Electric Power Supply Association (EPSA) CEO Todd Snitchler said the increased capacity prices are an encouraging first step in meeting the mounting reliability risks PJM has identified. 

“While there is still work to be done, these price signals recognize the situation PJM faces and should begin to incentivize the investment needed to deliver a reliable system in PJM and in other U.S. markets,” Snitchler said in a statement. “Reliability watchdogs, regulators, policymakers and PJM itself have been sounding the alarm that the misalignment of power resource retirements and additions poses a serious reliability risk to the grid — especially in the face of rising demand spurred by data center and manufacturing growth among other factors like electrification, extreme weather and policy choices.” 
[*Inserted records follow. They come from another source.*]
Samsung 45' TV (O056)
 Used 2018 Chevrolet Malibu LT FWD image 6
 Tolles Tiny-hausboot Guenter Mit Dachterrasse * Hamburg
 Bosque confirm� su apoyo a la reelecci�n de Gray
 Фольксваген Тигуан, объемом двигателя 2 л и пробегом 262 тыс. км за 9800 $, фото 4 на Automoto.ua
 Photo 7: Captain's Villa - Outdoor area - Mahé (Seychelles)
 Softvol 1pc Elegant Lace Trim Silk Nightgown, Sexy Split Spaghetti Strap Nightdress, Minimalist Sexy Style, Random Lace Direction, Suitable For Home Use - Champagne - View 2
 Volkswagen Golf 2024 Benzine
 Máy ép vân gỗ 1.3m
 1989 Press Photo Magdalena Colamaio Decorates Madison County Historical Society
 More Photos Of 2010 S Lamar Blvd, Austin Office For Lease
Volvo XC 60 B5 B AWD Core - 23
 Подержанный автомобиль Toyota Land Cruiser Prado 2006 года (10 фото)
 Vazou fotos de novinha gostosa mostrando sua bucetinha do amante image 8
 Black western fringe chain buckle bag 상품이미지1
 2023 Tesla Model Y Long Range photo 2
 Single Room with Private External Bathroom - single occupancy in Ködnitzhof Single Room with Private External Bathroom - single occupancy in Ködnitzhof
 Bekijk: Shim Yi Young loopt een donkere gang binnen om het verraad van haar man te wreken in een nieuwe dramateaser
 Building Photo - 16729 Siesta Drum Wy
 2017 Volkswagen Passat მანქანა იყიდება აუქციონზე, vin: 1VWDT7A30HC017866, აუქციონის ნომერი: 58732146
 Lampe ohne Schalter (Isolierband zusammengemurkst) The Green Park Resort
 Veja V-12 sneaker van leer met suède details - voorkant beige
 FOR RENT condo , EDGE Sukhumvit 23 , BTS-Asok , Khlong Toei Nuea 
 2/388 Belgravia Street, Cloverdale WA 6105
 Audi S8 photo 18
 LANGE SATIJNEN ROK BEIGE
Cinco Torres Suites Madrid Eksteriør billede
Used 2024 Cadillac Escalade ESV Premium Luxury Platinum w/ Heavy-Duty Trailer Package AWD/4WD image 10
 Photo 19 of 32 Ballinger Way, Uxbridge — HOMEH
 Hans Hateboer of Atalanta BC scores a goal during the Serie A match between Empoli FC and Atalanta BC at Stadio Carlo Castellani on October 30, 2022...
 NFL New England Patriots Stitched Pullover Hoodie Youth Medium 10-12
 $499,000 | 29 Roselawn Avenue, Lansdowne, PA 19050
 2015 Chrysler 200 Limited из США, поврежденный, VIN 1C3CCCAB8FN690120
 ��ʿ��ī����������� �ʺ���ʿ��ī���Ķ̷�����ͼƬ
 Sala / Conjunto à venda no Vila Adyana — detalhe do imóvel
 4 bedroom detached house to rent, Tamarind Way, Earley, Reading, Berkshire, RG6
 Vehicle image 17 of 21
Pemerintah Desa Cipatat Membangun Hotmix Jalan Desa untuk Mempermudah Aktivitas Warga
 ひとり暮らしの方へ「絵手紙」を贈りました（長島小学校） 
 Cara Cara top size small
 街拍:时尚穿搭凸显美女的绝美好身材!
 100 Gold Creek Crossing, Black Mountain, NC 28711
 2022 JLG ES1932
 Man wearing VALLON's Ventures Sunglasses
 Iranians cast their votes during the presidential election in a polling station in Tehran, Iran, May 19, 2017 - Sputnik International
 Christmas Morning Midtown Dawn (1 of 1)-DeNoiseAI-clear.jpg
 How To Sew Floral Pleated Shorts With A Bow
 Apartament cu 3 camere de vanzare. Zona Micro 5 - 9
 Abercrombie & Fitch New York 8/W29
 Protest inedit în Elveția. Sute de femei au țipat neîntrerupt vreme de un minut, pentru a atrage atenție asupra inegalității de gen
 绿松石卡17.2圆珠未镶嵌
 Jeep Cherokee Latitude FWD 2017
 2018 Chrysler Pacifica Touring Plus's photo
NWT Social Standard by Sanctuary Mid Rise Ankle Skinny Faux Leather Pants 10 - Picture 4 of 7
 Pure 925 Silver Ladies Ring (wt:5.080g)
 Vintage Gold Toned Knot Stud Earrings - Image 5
Ryan Augsburger, president of the Ohio Manufacturers’ Association, said in a statement that auction delays will translate to higher capacity costs for consumers. 

“Markets work — but after years of delay of PJM’s critical capacity auction, prices are rising to attract generation in a hurry. PJM’s capacity auction will yield billions more for generators that locate in its territory to serve healthy customer electric load, but customers will bear the brunt of PJM’s costly auction delays,” he said.